Квартира Джероу состояла из одной просто обставленной комнаты на втором этаже старого административного здания колледжа Клифтон. Она находилась непосредственно над его кабинетом, и в ней были слышны телефонные звонки.

- Комната полностью меблирована, Брэд, - сказал он, - вы можете занять ее, когда пожелаете.

- Спасибо, Джи, но она для меня не подходит, - ответил я, - кровать стоит чертовски близко к вашему столу. Я и так спал под оперативной картой почти 9 месяцев. Теперь я хотел бы получить покой хотя бы ночью.

Повседневная кропотливая работа по планированию в Англии была длительным и напряженным процессом. Если бы я просиживал допоздна за письменным столом, мой штаб также считал бы себя обязанным работать до тех пор, пока я не уйду спать. Однако я не видел оснований заставлять работников штаба выбиваться из сил до начала боевых действий.

На следующее утро за завтраком в Клифтоне, к которому были поданы яйца, выпрошенные на американском военном корабле, стоявшем в порту Бристоля, в городе раздался колокольный звон.
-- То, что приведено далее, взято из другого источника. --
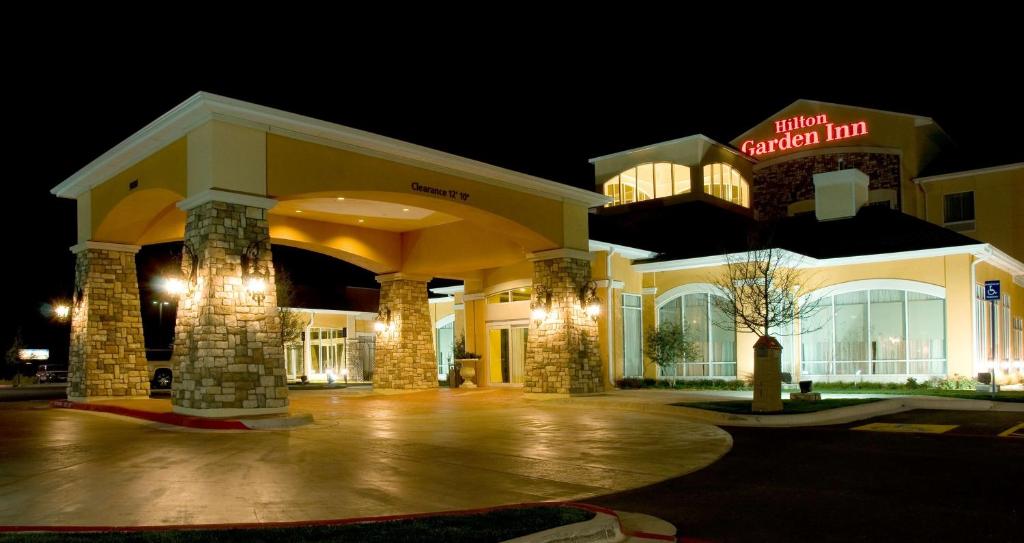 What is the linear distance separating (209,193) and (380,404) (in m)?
8.61

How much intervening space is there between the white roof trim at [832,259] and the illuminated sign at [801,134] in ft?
38.7

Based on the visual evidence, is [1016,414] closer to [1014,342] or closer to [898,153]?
[1014,342]

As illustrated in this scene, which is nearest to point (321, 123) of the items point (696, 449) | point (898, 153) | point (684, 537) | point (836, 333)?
point (696, 449)

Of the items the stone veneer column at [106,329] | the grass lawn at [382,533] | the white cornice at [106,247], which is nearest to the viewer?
the grass lawn at [382,533]

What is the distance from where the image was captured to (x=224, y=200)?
15.0m

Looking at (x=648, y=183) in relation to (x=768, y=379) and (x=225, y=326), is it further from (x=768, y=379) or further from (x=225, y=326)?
(x=225, y=326)

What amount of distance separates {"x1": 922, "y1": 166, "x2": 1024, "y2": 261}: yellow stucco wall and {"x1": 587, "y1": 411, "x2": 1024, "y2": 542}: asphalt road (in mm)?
22322

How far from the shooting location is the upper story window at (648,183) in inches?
1406

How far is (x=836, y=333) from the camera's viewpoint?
24375 millimetres

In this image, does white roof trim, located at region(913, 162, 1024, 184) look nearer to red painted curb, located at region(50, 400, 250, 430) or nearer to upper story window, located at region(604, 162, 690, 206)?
upper story window, located at region(604, 162, 690, 206)

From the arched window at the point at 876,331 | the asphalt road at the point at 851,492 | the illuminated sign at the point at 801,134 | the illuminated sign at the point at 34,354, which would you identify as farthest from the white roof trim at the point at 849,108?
the illuminated sign at the point at 34,354

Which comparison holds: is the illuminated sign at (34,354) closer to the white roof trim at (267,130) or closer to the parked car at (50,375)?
the parked car at (50,375)

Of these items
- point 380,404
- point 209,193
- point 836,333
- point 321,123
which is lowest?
point 380,404

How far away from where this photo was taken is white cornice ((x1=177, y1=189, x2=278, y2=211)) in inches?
586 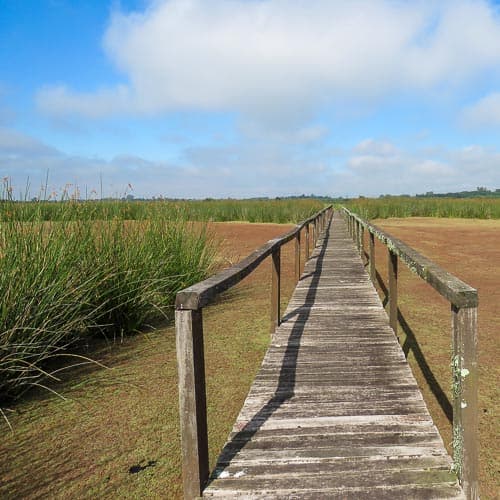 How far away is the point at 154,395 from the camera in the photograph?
139 inches

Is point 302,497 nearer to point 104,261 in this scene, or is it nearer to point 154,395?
point 154,395

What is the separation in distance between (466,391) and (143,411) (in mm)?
2397

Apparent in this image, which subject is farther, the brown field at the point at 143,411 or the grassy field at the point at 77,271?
the grassy field at the point at 77,271

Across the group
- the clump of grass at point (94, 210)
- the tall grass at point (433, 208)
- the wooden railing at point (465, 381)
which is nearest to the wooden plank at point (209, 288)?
the wooden railing at point (465, 381)

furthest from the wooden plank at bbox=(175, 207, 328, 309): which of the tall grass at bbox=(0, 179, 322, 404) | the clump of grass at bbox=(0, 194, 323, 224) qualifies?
the clump of grass at bbox=(0, 194, 323, 224)

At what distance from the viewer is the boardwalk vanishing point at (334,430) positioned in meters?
1.97

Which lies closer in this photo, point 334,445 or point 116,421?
point 334,445

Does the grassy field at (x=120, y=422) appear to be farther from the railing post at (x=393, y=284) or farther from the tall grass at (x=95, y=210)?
the tall grass at (x=95, y=210)

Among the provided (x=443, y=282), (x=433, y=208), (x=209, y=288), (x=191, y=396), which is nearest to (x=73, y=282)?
(x=209, y=288)

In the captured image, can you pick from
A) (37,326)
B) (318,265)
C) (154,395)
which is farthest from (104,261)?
(318,265)

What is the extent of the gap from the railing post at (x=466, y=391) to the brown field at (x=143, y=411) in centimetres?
69

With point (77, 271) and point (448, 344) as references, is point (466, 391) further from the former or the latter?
point (77, 271)

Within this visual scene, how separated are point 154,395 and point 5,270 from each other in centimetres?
165

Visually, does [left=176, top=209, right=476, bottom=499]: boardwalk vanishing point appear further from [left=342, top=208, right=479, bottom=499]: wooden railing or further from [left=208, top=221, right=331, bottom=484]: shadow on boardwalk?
[left=342, top=208, right=479, bottom=499]: wooden railing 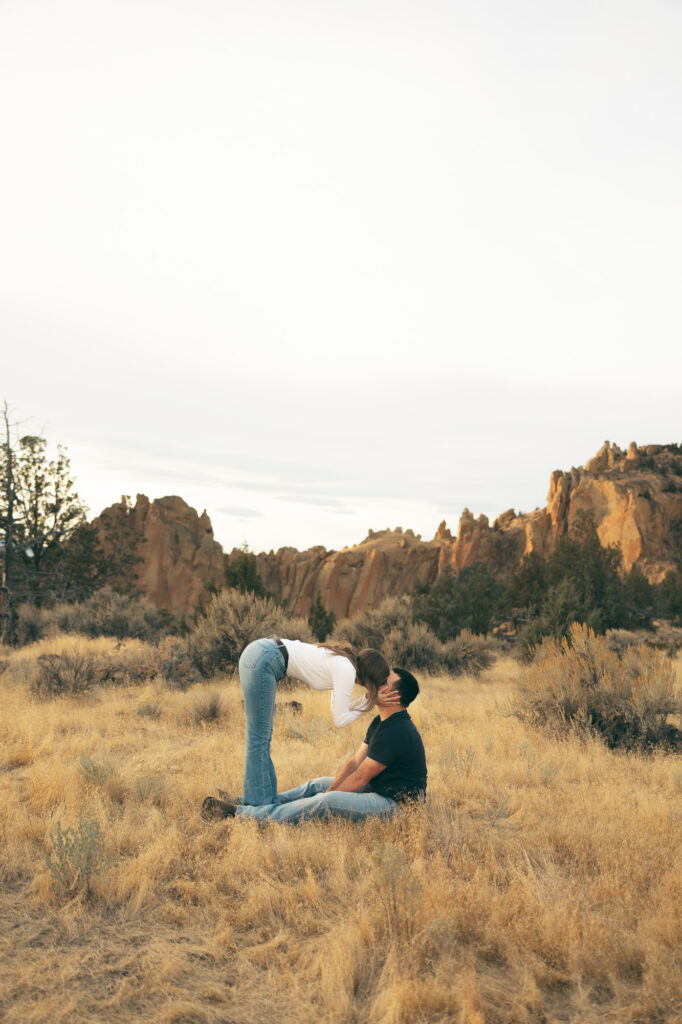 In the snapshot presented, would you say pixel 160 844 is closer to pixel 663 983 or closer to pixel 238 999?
pixel 238 999

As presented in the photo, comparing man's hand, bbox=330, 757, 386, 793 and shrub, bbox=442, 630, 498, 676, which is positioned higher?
man's hand, bbox=330, 757, 386, 793

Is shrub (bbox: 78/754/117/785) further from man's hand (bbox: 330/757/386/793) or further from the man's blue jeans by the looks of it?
man's hand (bbox: 330/757/386/793)

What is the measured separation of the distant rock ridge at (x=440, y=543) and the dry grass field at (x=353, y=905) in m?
50.6

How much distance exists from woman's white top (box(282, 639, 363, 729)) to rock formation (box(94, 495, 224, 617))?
55.3m

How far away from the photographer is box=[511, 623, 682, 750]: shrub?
7.94 m

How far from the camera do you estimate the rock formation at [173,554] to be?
6119cm

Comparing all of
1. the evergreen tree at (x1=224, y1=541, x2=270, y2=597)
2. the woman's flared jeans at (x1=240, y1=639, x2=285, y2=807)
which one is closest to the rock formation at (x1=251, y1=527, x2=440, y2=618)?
the evergreen tree at (x1=224, y1=541, x2=270, y2=597)

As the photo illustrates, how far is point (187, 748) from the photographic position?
7758 millimetres

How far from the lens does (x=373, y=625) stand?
1745 centimetres

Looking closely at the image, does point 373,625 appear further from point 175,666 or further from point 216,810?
point 216,810

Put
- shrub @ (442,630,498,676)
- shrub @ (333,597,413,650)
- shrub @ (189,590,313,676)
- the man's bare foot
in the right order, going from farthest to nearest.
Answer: shrub @ (333,597,413,650) → shrub @ (442,630,498,676) → shrub @ (189,590,313,676) → the man's bare foot

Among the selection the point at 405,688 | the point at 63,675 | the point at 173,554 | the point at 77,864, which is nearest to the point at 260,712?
the point at 405,688

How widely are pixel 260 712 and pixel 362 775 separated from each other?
0.92m

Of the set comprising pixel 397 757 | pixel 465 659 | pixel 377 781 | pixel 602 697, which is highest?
pixel 397 757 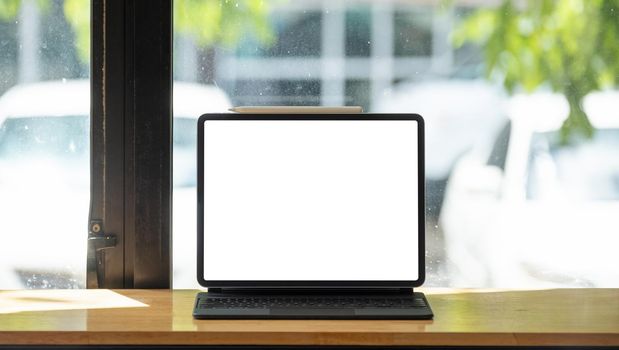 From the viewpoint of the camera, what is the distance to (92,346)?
1712 mm

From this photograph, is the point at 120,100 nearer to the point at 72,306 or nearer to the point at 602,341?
the point at 72,306

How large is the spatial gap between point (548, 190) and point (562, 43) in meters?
0.37

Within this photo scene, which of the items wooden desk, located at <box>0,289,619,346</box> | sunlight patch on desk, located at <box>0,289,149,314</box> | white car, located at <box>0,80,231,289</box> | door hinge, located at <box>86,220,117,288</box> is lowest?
wooden desk, located at <box>0,289,619,346</box>

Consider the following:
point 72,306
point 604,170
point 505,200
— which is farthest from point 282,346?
point 604,170

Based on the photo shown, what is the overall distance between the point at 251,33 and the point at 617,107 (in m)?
0.95

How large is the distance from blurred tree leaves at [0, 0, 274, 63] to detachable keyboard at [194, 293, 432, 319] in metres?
0.68

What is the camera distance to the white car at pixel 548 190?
2189 millimetres

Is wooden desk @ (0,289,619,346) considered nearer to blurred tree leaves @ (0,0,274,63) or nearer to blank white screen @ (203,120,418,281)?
blank white screen @ (203,120,418,281)

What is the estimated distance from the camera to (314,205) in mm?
1940

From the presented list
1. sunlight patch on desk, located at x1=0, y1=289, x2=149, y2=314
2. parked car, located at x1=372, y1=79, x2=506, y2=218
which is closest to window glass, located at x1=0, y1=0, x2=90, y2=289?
sunlight patch on desk, located at x1=0, y1=289, x2=149, y2=314

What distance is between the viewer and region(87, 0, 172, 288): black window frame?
2.17 m

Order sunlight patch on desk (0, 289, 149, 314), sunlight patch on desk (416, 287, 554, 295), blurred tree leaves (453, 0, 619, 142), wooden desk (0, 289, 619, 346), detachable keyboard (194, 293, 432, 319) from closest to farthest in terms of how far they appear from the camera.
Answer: wooden desk (0, 289, 619, 346)
detachable keyboard (194, 293, 432, 319)
sunlight patch on desk (0, 289, 149, 314)
sunlight patch on desk (416, 287, 554, 295)
blurred tree leaves (453, 0, 619, 142)

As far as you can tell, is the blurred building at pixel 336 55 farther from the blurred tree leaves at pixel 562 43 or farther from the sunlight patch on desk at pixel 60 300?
the sunlight patch on desk at pixel 60 300

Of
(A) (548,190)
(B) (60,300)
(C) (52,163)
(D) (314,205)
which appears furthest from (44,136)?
(A) (548,190) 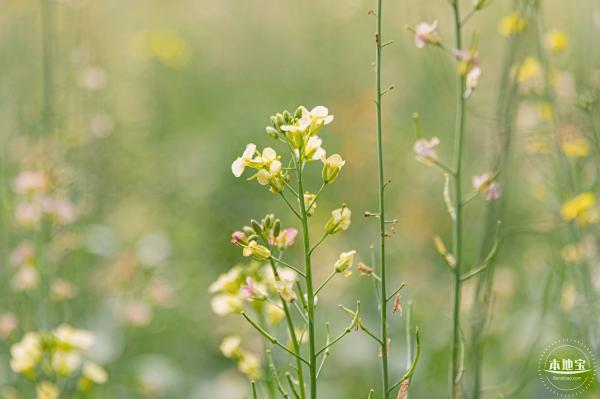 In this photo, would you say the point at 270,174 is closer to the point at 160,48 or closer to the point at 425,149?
the point at 425,149

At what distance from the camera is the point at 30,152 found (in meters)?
2.67

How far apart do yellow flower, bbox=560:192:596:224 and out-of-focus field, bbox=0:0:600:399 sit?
9cm

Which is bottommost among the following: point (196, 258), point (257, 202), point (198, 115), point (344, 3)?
point (196, 258)

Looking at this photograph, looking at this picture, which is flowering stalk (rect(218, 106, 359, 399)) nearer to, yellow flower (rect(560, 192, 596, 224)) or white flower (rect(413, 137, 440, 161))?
white flower (rect(413, 137, 440, 161))

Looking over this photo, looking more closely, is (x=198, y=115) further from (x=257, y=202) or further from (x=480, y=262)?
(x=480, y=262)

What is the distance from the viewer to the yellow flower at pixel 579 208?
63.9 inches

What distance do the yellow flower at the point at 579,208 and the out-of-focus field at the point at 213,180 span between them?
95mm

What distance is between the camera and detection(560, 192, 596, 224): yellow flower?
1623mm

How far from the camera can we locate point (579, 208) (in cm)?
164

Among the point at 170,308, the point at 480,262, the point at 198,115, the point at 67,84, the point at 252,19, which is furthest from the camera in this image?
the point at 252,19

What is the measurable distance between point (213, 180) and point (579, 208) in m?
2.55

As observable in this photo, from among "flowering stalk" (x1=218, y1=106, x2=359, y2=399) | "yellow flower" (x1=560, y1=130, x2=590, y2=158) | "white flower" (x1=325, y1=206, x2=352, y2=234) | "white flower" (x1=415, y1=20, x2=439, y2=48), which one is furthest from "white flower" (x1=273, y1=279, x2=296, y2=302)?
"yellow flower" (x1=560, y1=130, x2=590, y2=158)

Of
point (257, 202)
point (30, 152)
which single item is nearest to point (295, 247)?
point (257, 202)

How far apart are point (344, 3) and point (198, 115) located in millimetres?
1277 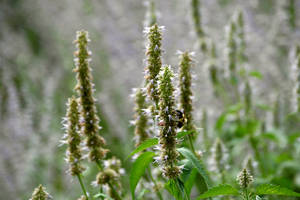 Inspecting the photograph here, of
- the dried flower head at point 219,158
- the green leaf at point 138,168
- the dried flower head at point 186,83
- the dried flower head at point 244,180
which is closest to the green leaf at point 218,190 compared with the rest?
the dried flower head at point 244,180

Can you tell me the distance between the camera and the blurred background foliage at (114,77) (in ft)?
17.7

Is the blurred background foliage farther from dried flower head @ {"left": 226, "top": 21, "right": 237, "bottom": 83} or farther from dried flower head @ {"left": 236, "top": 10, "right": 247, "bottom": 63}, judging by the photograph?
dried flower head @ {"left": 226, "top": 21, "right": 237, "bottom": 83}

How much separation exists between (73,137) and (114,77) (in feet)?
26.3

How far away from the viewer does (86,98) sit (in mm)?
2078

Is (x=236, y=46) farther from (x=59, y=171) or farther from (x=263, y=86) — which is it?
(x=59, y=171)

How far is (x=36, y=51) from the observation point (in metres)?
11.3

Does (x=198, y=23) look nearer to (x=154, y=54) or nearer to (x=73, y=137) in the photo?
(x=154, y=54)

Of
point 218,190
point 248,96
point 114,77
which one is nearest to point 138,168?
point 218,190

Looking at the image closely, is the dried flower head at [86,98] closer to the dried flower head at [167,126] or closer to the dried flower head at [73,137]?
the dried flower head at [73,137]

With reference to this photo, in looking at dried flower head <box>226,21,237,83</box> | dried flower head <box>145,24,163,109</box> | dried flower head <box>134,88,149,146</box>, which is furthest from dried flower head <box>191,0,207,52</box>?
dried flower head <box>145,24,163,109</box>

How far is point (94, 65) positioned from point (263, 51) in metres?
5.25

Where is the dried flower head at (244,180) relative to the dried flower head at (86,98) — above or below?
below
Хотя было воскресенье, офицеры штаба Джероу переглянулись в изумлении.

- Колокола звонят в первый раз с 1940г., - объяснил мне улыбающийся Джероу. - Звон колоколов - это сигнал о вторжении немцев в Англию. Но сегодня они звонят в ознаменование капитуляции Италии.

Мне как-то трудно было представить себе, что всего неделю назад мы сидели с Эйзенхауэром в Карфагене и строили предположения о том, какую позицию займет Бадольо.

В этот же вечер по возращении в Лондон Хансен и я прогуливались по Гайд-Парку, желая поближе познакомиться с англичанами. На площадке у Марбл-Арч, традиционном месте выступлений уличных ораторов, несколько человек пытались привлечь внимание прогуливающихся жителей Лондона. Пожилой англичанин приятной наружности обращался к своим слушателям с призывом потребовать, чтобы Англия открыла второй фронт.

Седой джентльмен, стоявший с краю толпы, поднял тросточку.

- Ерунда, - сказал он, обращаясь к оратору, - почему вы не займетесь собственными делами и не оставите стратегию военным экспертам?

- Эксперты, говорите вы? - откликнулась женщина. - А кто вы сами, что говорите об экспертах?

Джентльмен покрутил головой и хладнокровно ответил:

- Мадам, вы весьма обяжете меня, если уберетесь ко всем чертям.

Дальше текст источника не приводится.